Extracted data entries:
□ □ □ □

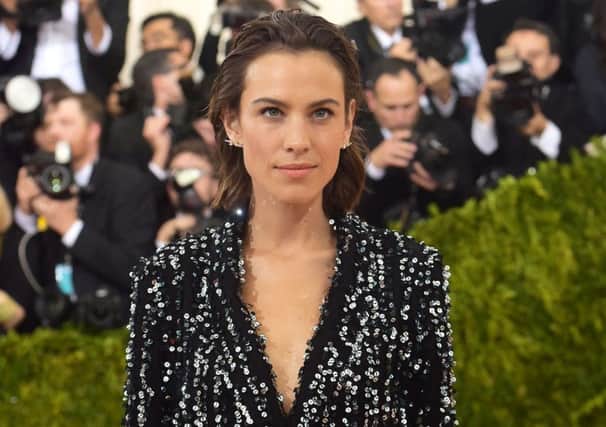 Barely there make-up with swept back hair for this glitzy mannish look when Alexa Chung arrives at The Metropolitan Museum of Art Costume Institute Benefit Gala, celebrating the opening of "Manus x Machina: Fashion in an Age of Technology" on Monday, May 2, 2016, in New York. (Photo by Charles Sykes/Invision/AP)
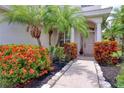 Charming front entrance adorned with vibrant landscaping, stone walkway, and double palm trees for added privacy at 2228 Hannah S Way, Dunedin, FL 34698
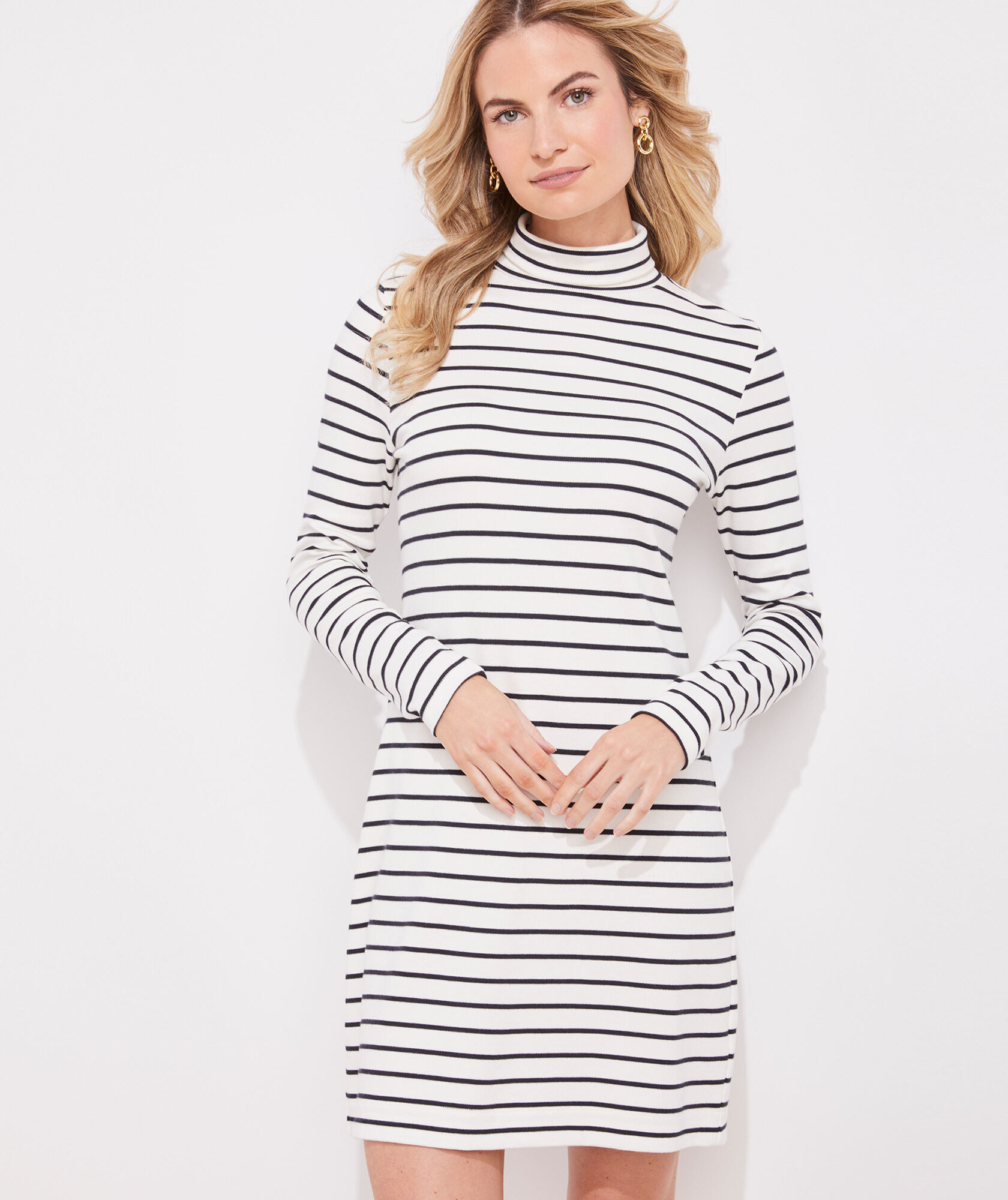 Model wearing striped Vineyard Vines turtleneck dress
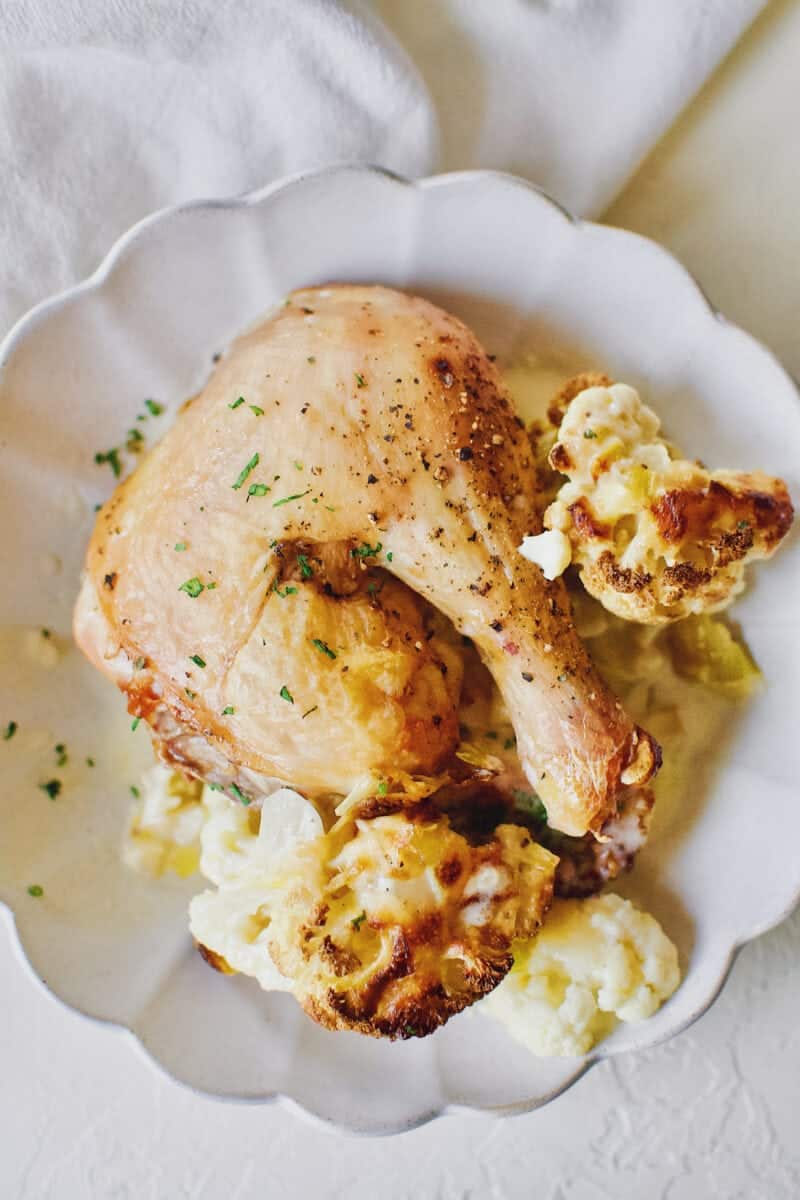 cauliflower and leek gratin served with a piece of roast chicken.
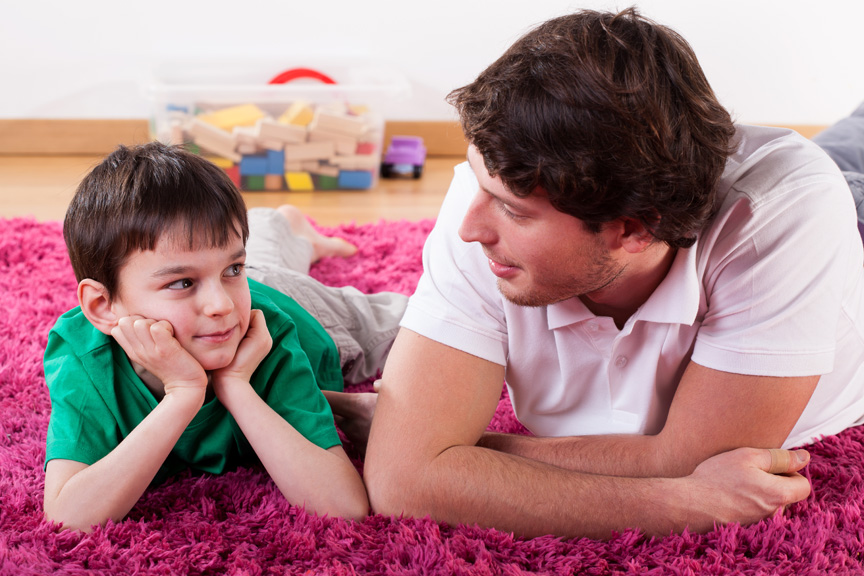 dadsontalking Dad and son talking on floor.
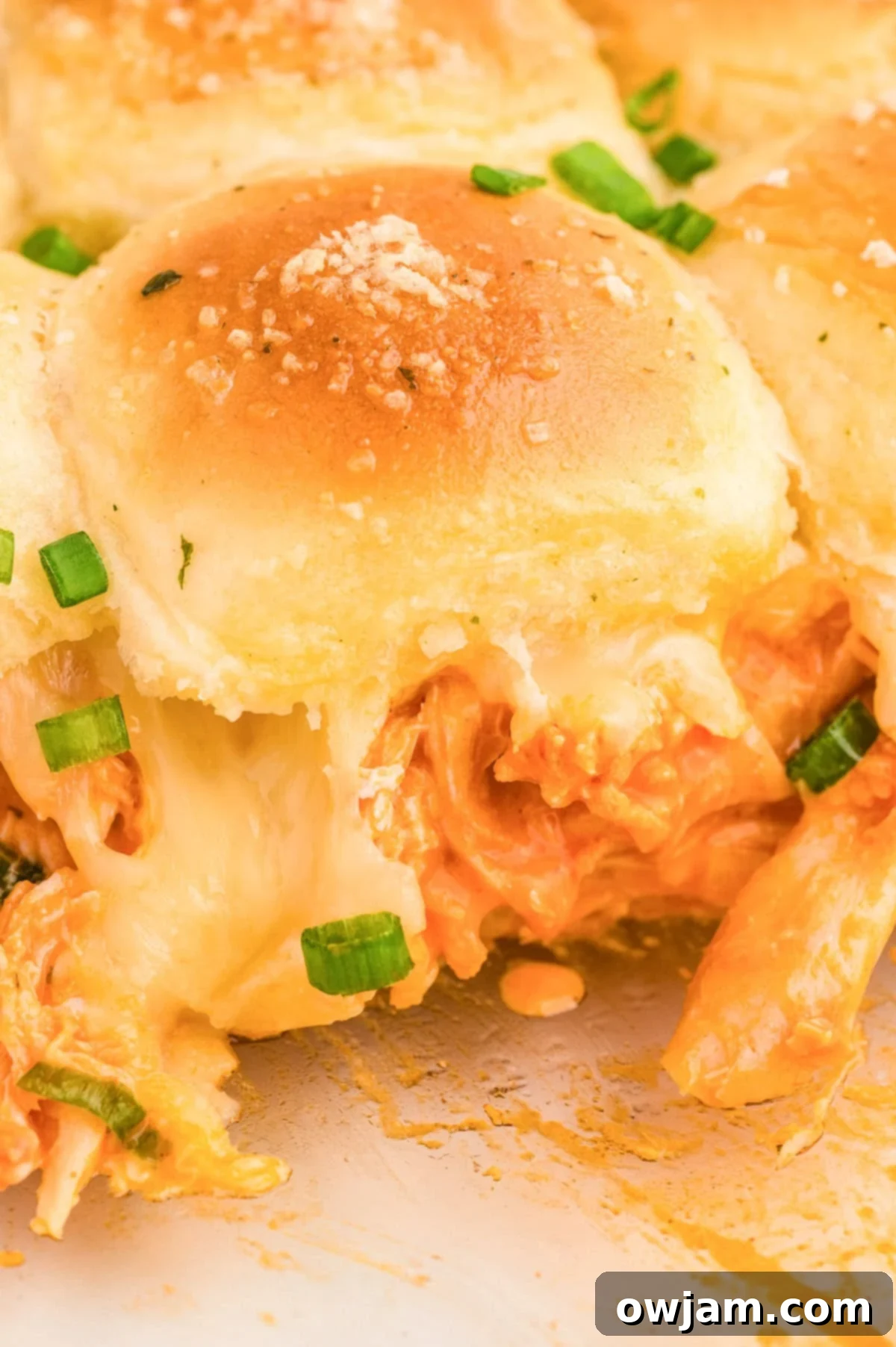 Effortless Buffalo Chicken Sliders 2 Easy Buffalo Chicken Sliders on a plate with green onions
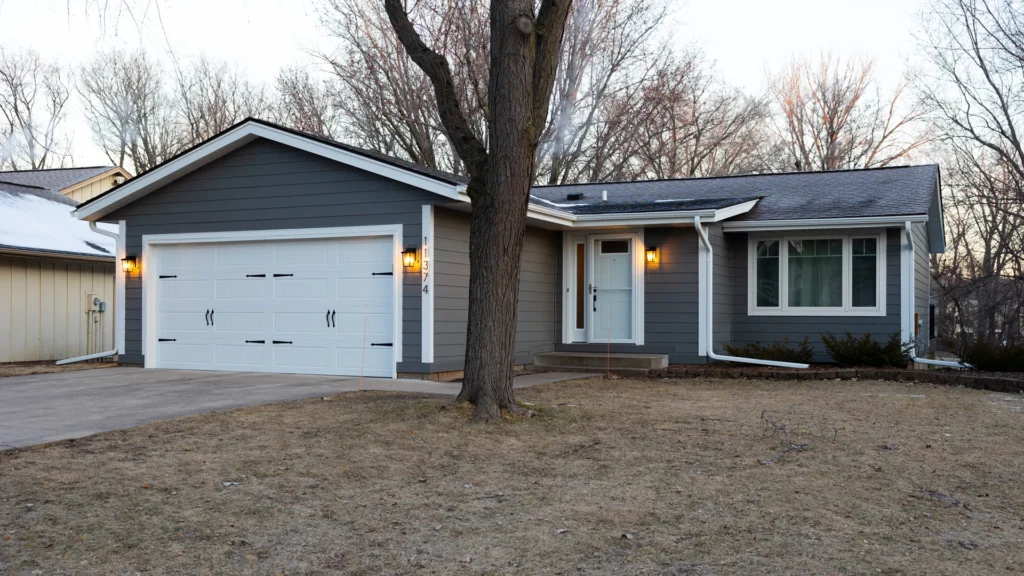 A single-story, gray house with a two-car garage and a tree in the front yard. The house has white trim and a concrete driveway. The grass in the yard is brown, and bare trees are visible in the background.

□ □ □ □

Above are the records; copy them exactly without the pictures.

 Barely there make-up with swept back hair for this glitzy mannish look when Alexa Chung arrives at The Metropolitan Museum of Art Costume Institute Benefit Gala, celebrating the opening of "Manus x Machina: Fashion in an Age of Technology" on Monday, May 2, 2016, in New York. (Photo by Charles Sykes/Invision/AP)
 Charming front entrance adorned with vibrant landscaping, stone walkway, and double palm trees for added privacy at 2228 Hannah S Way, Dunedin, FL 34698
 Model wearing striped Vineyard Vines turtleneck dress
 cauliflower and leek gratin served with a piece of roast chicken.
 dadsontalking Dad and son talking on floor.
 Effortless Buffalo Chicken Sliders 2 Easy Buffalo Chicken Sliders on a plate with green onions
 A single-story, gray house with a two-car garage and a tree in the front yard. The house has white trim and a concrete driveway. The grass in the yard is brown, and bare trees are visible in the background.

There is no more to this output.